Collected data
/---

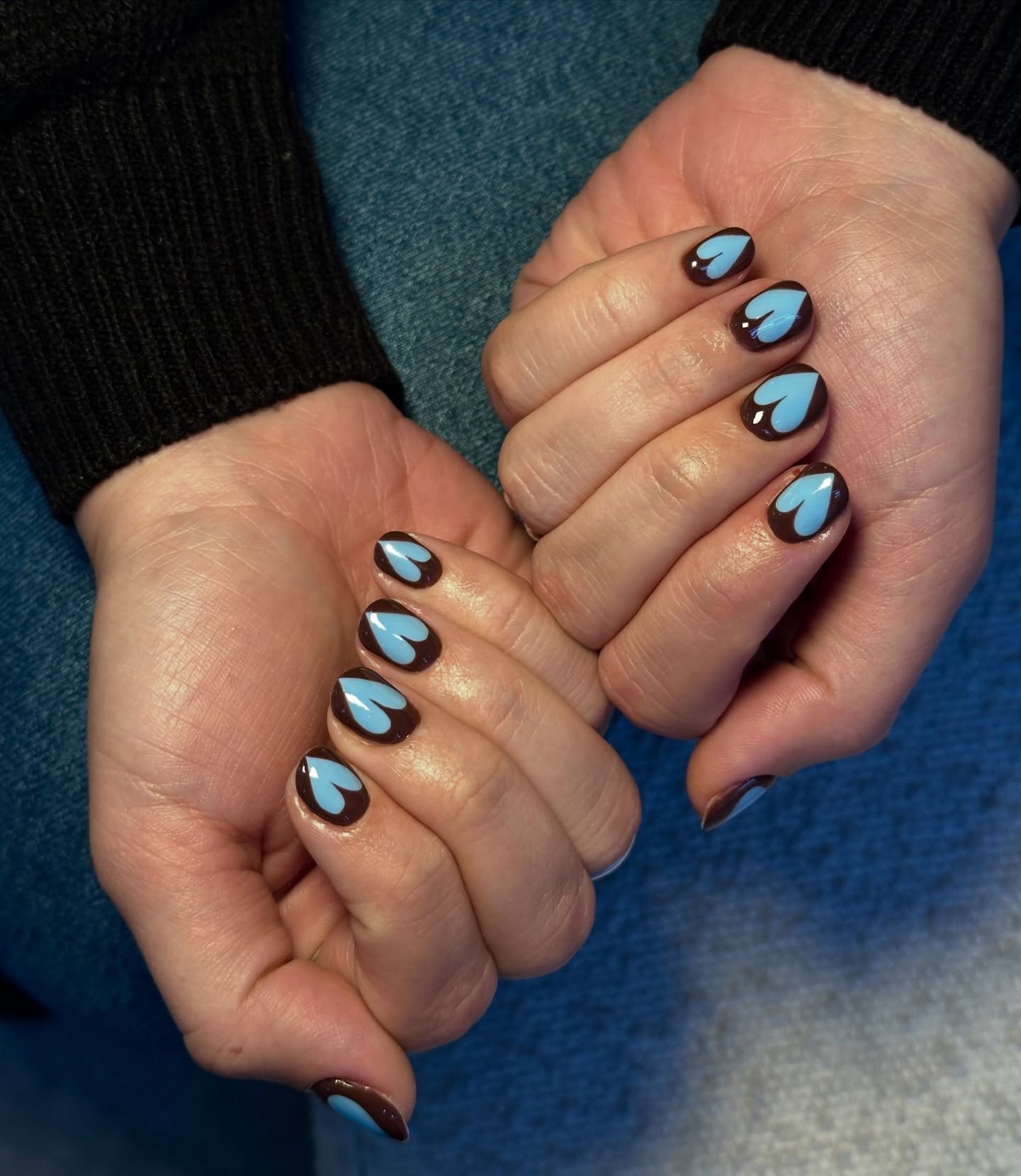 Сердечки на ногтях в феврале 2026: романтика на максимум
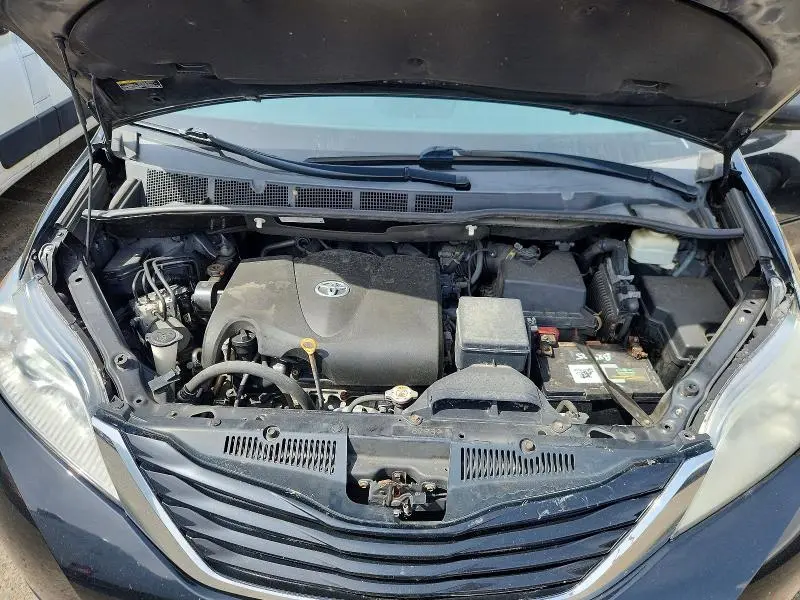 2017 TOYOTA SIENNA LE  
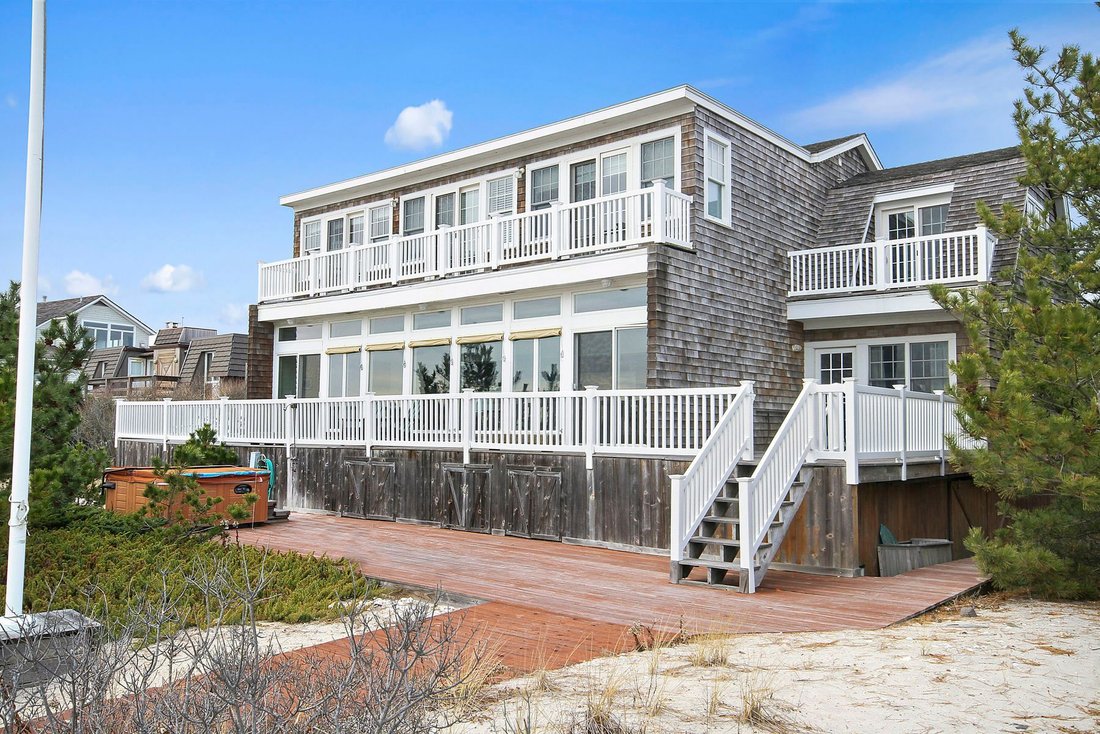 Westhampton Beach, New York, United States 4 - 15879180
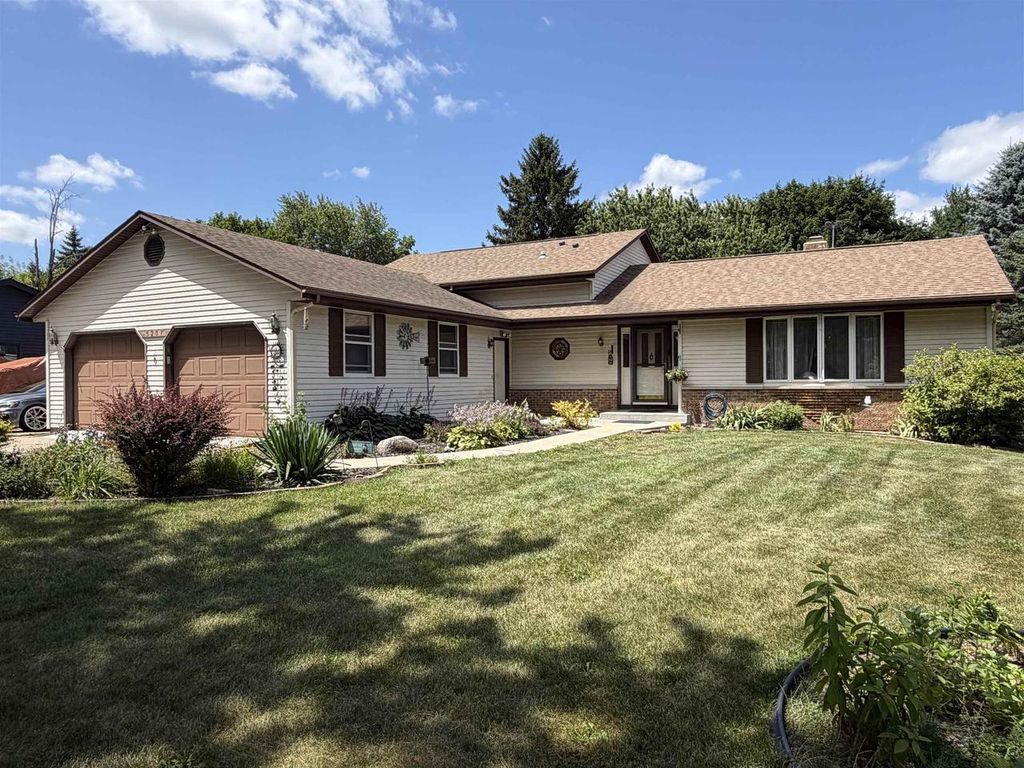 5201 N Grandeur Drive, Milton, WI 53563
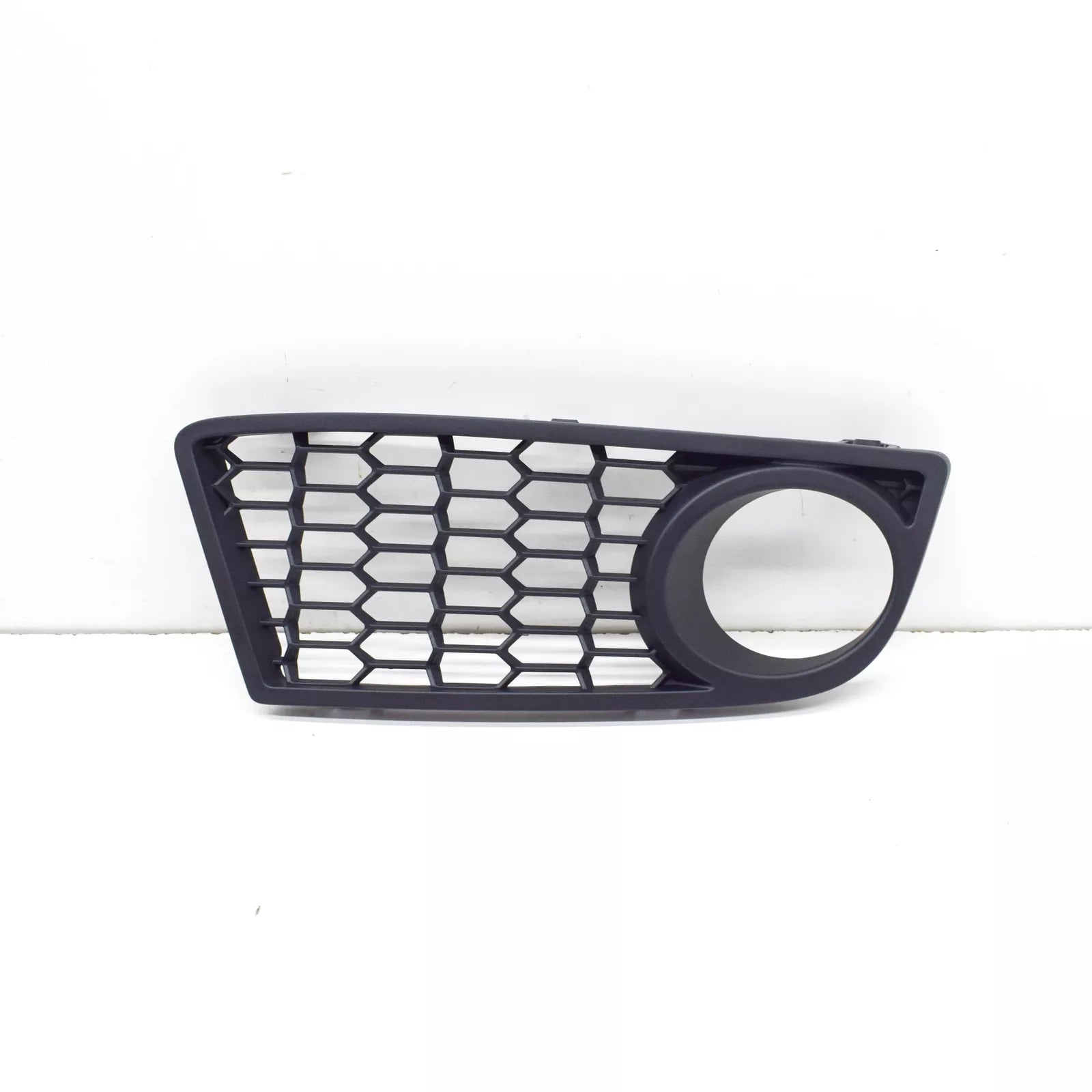 NEW BMW 1 F20 RIGHT FOG LIGHT GRILLE M SPORT 51118048968 8048968 2014 ORIGINAL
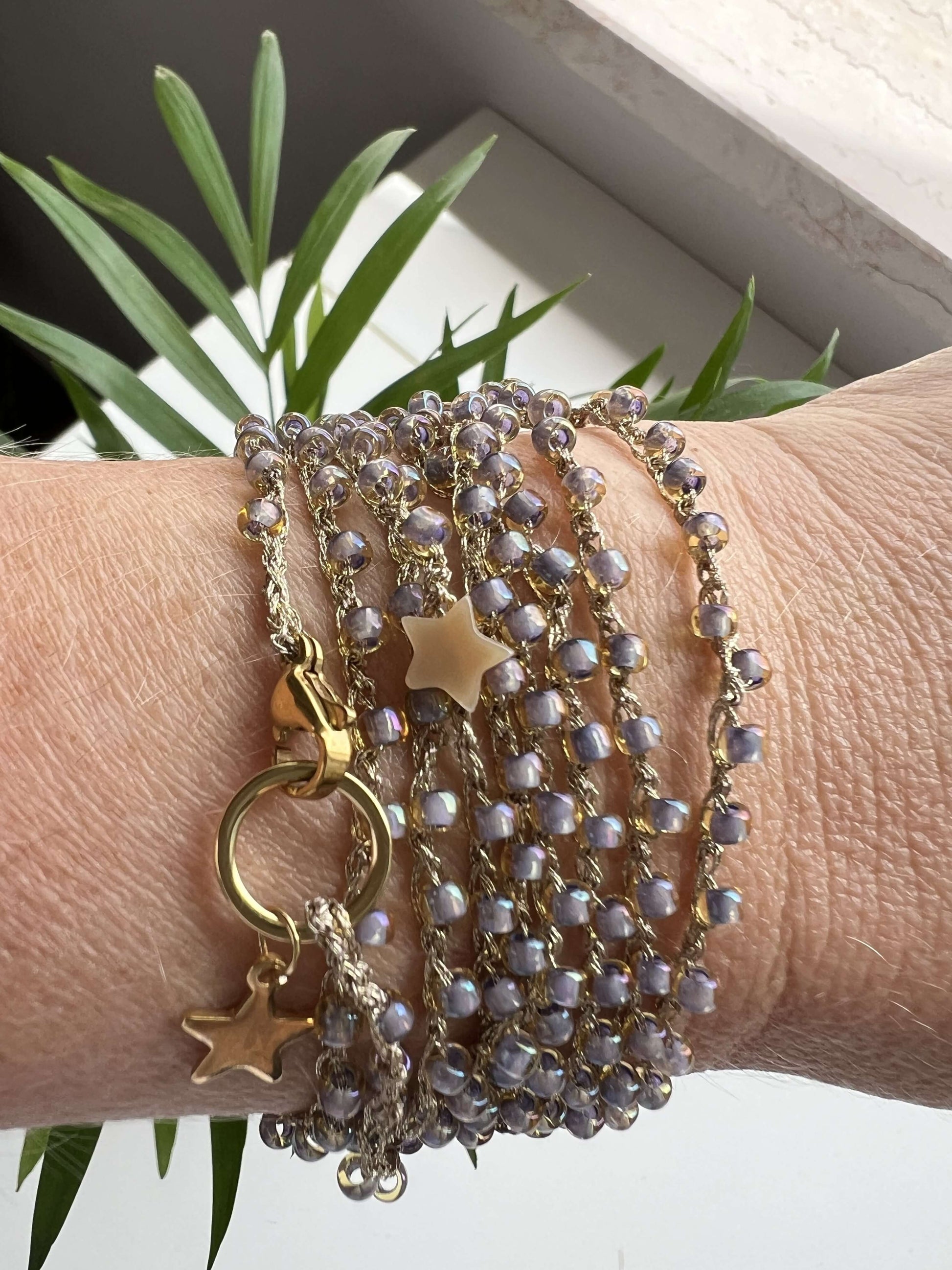 Collana lunga boho donna con perline giapponesi e stelle madreperla, indossabile anche come bracciale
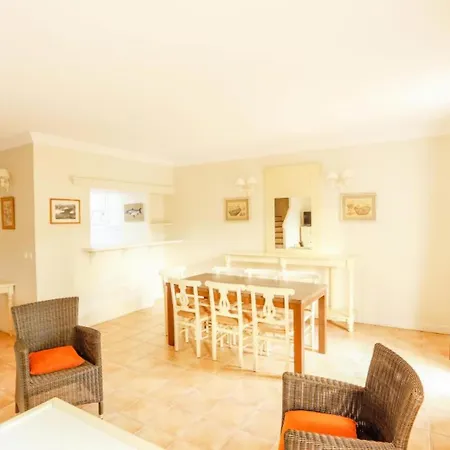 Appartement Les Aux Restanques Du Golfe De St Tropez - Maeva - Situee F 90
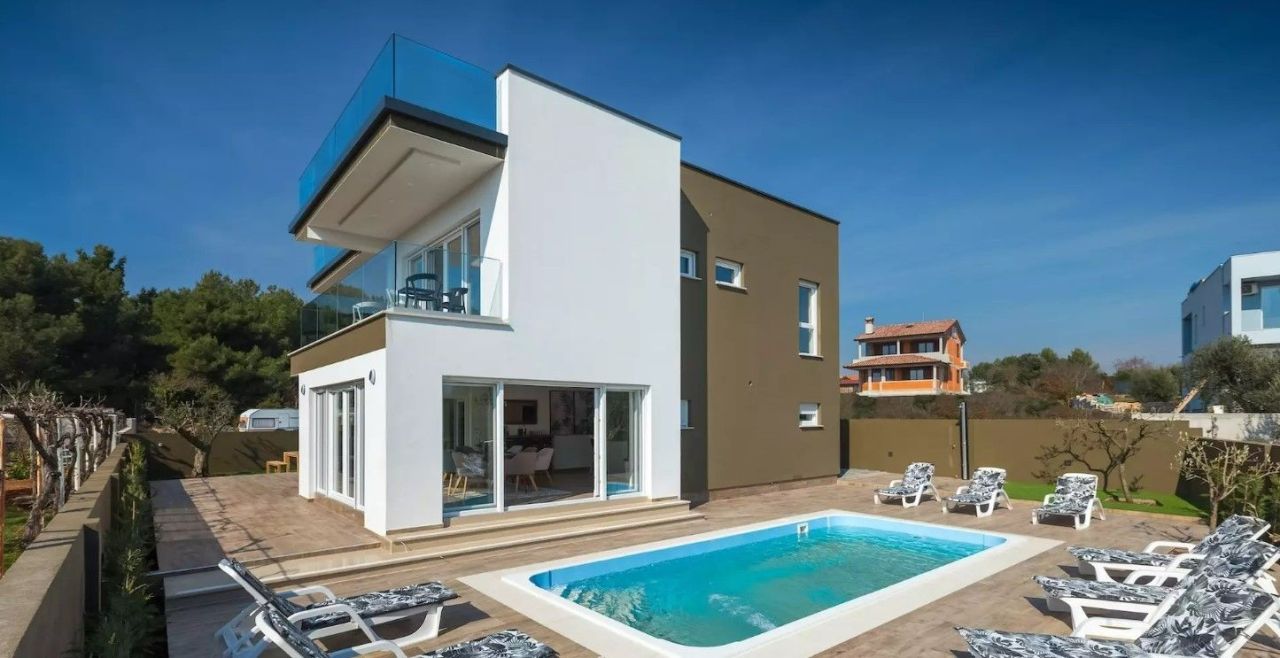 Haus in Fažana, Kroatien, 300 m² - Foto 1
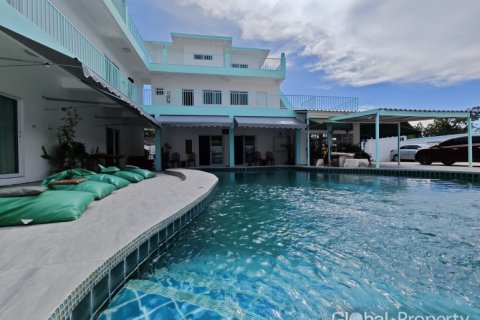 Propriété commerciale à Pattaya, Thaïlande 350 m2 № 144374 - photo 2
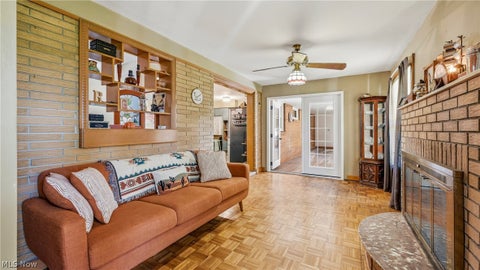 Tiny photo for 208 Creed Avenue, Hubbard, OH 44425 (MLS # 5252196)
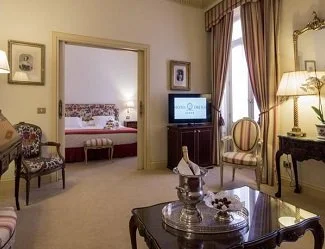 Suite Deluxe con bañera de hidromasaje en Relais & Châteaux Orfila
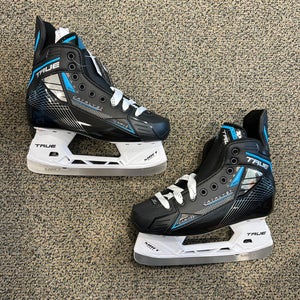Intermediate True Catalyst 3X4 Hockey Skates Regular Width Size 5.0 (New)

\---

## Exercise objective:
Above are records with pictures; repeat them exactly, but without the pictures.

## Your solution:
 Сердечки на ногтях в феврале 2026: романтика на максимум
 2017 TOYOTA SIENNA LE  
 Westhampton Beach, New York, United States 4 - 15879180
 5201 N Grandeur Drive, Milton, WI 53563
 NEW BMW 1 F20 RIGHT FOG LIGHT GRILLE M SPORT 51118048968 8048968 2014 ORIGINAL
 Collana lunga boho donna con perline giapponesi e stelle madreperla, indossabile anche come bracciale
 Appartement Les Aux Restanques Du Golfe De St Tropez - Maeva - Situee F 90
 Haus in Fažana, Kroatien, 300 m² - Foto 1
 Propriété commerciale à Pattaya, Thaïlande 350 m2 № 144374 - photo 2
 Tiny photo for 208 Creed Avenue, Hubbard, OH 44425 (MLS # 5252196)
 Suite Deluxe con bañera de hidromasaje en Relais & Châteaux Orfila
Intermediate True Catalyst 3X4 Hockey Skates Regular Width Size 5.0 (New)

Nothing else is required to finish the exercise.